On 2017-09-26 15:09, Carsten Bormann wrote:
o A protocol SHOULD NOT forbid use of U+FEFF as a signature for
those textual protocol elements for which the protocol does not
provide character encoding identification mechanisms, when a ban
would be unenforceable, or when it is expected that
implementations of the protocol will not be in a position to
always use the mechanisms properly. The latter two cases are
likely to occur with larger protocol elements such as MIME
entities, especially when implementations of the protocol will
obtain such entities from file systems, from protocols that do not
have encoding identification mechanisms for payloads (such as FTP)
or from other protocols that do not guarantee proper
identification of character encoding (such as HTTP).
...which is *exactly* what we're discussing here?
This is only the pertaining case if we want that to be so.
The “protocol” could be “RFCs are in UTF-8”. Done.

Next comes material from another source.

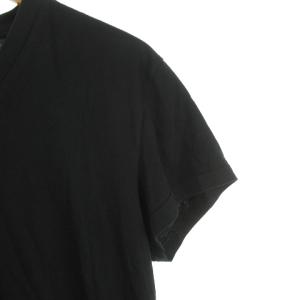 PRADA Tシャツ カットソー Vネック 半袖 S 黒 ブラック IBO27 1003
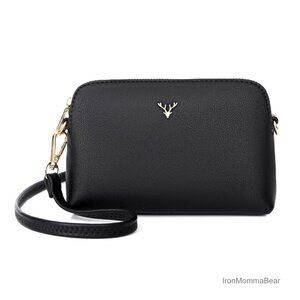 Vegan Leather Crossbody Bag Small Shoulder Purse Wristlet Clutch Adjustable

If the "protocol" was that, than of course a BOM wouldn't be needed. But
it is not.
I agree that if the goal was to promote an all-unicode world, the answer would be different. But the goal of the RFC Editor is to deliver documents that people will be able to read properly with the tools they have.
The browsers already work with Unicode, so that goal is already achieved.
"With the tools they have" as in "they are getting the files (http
download, rsync, ftp, whatnot) and open them locally with whatever is
registered for *.txt".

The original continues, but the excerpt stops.